E.2. Using the arrays from E.1:

a) Calculate the distance from each shot to the goal center (x=120, y=40) b) Calculate the distance from each shot to the near post (x=120, y=36.34) c) Find the shot with the smallest distance to goal

E.3. Implement vectorized point calculation:

def calculate_points(goal_diff: np.ndarray) -> np.ndarray:
    """
    Calculate points from goal differences.

    3 points for win (goal_diff > 0)
    1 point for draw (goal_diff == 0)
    0 points for loss (goal_diff < 0)

    Use np.where for vectorized operations.
    """
    # Your code here
    pass

E.4. Simulate a season using NumPy:

def simulate_season(team_xg: float, opponent_xg: float, n_matches: int = 38) -> dict:
    """
    Simulate a full season using Poisson distribution.

    Parameters
    ----------
    team_xg : float
        Average xG per match for the team
    opponent_xg : float
        Average xG against per match
    n_matches : int
        Number of matches

    Returns
    -------
    dict
        Contains: goals_for, goals_against, points, wins, draws, losses
    """
    # Your code here
    pass

Part F: Visualization ⭐⭐

F.1. Create a bar chart comparing top scorers:

players = ['Haaland', 'Kane', 'Salah', 'Mbappe', 'Bellingham']
goals = [25, 18, 15, 22, 12]
xG = [22.5, 15.2, 14.8, 18.5, 10.2]

Create a grouped bar chart showing goals vs xG for each player.
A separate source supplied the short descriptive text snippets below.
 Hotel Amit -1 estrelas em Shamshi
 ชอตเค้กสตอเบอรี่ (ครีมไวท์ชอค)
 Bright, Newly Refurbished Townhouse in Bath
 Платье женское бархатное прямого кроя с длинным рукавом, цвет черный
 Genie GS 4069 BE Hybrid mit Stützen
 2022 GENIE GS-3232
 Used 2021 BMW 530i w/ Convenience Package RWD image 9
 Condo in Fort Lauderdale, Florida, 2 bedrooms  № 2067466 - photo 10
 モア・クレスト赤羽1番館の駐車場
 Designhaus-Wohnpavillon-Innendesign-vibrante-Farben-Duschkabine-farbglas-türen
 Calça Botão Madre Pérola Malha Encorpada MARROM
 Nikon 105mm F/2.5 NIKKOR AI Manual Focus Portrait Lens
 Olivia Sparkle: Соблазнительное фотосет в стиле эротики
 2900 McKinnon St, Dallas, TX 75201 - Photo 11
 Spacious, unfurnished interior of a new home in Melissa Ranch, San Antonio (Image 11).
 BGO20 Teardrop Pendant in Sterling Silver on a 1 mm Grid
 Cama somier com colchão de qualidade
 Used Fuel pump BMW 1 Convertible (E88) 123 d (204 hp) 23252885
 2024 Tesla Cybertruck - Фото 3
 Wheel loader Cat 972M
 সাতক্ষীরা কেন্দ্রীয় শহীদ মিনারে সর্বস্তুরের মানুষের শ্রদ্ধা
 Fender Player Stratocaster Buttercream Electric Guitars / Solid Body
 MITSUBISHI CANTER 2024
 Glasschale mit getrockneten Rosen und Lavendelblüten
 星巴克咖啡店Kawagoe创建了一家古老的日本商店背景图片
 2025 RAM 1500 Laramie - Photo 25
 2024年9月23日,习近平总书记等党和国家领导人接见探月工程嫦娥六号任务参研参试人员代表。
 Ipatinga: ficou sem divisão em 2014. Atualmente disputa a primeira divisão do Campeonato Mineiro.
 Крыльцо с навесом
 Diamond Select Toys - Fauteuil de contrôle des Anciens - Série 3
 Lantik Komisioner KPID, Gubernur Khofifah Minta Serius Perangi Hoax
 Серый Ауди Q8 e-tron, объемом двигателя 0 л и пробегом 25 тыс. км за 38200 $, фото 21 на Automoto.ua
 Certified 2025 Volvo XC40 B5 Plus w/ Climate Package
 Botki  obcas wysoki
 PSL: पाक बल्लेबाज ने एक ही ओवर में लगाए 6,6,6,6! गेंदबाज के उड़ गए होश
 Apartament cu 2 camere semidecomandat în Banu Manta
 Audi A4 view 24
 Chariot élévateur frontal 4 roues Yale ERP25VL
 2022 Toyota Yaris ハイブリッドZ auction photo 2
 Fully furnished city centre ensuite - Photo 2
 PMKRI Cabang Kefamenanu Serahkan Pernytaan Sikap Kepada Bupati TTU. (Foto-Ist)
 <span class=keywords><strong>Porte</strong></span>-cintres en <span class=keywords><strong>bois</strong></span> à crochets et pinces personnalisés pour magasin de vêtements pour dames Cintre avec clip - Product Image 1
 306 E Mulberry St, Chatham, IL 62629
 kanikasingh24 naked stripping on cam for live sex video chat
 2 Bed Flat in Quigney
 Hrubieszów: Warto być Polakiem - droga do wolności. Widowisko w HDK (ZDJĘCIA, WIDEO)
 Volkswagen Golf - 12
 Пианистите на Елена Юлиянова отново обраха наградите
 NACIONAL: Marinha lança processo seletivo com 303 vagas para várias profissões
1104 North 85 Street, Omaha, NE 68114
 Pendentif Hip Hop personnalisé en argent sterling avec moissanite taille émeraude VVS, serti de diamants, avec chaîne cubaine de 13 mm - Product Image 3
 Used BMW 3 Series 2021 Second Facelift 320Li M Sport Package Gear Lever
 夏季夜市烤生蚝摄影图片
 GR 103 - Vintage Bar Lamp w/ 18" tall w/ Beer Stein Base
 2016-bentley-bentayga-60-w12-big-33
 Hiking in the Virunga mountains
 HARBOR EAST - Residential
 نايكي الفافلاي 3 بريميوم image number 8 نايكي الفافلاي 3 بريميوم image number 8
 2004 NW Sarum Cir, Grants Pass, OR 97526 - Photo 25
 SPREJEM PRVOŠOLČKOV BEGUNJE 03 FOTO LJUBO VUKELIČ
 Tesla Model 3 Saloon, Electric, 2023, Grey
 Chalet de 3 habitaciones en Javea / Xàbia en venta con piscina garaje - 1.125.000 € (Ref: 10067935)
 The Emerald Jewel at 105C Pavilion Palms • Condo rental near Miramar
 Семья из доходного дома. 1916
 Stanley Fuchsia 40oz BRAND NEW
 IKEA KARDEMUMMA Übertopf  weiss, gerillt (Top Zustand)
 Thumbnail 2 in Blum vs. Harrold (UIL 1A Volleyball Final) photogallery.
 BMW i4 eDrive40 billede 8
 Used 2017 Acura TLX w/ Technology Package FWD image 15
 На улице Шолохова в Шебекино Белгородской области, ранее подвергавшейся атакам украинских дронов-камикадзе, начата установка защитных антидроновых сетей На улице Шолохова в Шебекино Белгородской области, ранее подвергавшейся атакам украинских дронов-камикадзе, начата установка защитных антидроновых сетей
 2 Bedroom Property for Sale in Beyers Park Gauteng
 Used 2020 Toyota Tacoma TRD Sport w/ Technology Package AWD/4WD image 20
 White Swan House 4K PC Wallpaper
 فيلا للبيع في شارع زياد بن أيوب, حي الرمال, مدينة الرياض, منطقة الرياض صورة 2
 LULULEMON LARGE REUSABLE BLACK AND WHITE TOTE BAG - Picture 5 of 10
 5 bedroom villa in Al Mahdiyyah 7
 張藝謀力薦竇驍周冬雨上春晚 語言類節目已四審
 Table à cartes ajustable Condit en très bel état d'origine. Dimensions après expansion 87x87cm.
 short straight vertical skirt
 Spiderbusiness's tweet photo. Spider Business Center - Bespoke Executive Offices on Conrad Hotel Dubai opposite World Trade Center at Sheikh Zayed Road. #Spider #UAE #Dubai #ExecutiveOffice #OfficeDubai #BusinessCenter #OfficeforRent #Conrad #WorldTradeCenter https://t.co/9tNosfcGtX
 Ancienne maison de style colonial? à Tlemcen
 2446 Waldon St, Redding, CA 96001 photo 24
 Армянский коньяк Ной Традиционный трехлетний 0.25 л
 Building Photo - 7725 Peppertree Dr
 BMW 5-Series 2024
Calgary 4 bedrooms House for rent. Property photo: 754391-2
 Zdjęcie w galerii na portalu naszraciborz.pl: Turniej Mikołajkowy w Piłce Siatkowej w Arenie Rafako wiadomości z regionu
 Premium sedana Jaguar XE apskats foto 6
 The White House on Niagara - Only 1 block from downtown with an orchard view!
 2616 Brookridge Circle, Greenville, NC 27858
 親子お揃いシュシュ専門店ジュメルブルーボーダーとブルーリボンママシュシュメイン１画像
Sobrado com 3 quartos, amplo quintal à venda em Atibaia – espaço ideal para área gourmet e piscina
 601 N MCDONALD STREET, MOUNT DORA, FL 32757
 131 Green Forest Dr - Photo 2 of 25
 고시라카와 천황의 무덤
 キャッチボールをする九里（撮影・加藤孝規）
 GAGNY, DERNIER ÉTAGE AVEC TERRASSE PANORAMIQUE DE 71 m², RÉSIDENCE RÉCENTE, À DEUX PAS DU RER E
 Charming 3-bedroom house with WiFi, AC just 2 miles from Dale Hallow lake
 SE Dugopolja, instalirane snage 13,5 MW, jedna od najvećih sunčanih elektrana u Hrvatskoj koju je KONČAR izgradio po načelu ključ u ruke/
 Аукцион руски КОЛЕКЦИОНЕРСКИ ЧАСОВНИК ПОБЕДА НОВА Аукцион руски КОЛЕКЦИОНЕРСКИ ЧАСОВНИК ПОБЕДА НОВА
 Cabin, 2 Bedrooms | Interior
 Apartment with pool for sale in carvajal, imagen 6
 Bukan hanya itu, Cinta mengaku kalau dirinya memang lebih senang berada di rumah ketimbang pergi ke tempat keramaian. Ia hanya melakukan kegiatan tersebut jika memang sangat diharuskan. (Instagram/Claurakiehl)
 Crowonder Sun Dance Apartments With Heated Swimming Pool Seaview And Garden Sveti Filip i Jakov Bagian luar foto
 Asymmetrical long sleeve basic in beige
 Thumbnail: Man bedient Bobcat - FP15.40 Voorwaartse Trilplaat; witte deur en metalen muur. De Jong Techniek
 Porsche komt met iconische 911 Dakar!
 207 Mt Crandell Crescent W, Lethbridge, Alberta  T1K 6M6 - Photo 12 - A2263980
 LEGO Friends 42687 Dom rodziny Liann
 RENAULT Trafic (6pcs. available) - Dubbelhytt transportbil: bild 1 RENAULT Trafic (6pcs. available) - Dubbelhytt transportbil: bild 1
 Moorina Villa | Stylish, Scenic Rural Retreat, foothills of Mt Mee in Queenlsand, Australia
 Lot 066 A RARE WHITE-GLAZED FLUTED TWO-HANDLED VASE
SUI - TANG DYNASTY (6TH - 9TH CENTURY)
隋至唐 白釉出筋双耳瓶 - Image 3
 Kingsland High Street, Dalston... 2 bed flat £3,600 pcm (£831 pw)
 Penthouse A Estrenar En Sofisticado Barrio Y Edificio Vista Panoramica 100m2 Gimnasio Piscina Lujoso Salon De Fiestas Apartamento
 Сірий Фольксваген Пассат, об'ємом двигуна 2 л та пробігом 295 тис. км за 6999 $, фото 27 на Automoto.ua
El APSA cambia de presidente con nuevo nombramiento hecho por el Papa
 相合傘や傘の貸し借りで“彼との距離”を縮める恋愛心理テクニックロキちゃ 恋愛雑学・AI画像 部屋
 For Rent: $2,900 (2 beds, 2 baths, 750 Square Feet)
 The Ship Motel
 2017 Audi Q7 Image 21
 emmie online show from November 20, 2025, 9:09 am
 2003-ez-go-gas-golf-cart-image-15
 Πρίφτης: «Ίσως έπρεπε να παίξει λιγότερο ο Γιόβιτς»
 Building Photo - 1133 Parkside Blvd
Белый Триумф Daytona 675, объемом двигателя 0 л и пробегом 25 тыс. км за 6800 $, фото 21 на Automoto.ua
F.2. Create a scatter plot with regression line:

Using simulated xG vs Goals data for 20 teams, create a scatter plot with: - Regression line - R² annotation - Proper axis labels and title

F.3. Create a histogram of shot xG values:

Generate 500 random xG values (exponentially distributed with mean 0.1) and create a histogram with: - 20 bins - Vertical line at the mean - Density on y-axis

F.4. Create a line plot showing cumulative xG over a season:

Simulate 38 match xG values and plot: - Cumulative actual xG - Expected cumulative xG (constant rate) - Confidence band (±1.5 standard deviations)

Part G: Soccer-Specific Visualization ⭐⭐⭐

G.1. Create a shot map using mplsoccer:

from mplsoccer import Pitch

# Simulated shot data
shots = pd.DataFrame({
    'x': np.random.uniform(100, 120, 30),
    'y': np.random.uniform(18, 62, 30),
    'xG': np.random.exponential(0.12, 30),
    'outcome': np.random.choice(['Goal', 'Saved', 'Blocked', 'Off Target'], 30)
})

Create a shot map where: - Circle size represents xG - Goals are colored differently - Include a legend

G.2. Create a pass map for a specific player:

Load event data and create a visualization showing: - Player's average position - All passes (arrows) - Color passes by success/failure

G.3. Create a heatmap showing where a team's events occurred:

Using event data, create a pitch heatmap showing event density across the field.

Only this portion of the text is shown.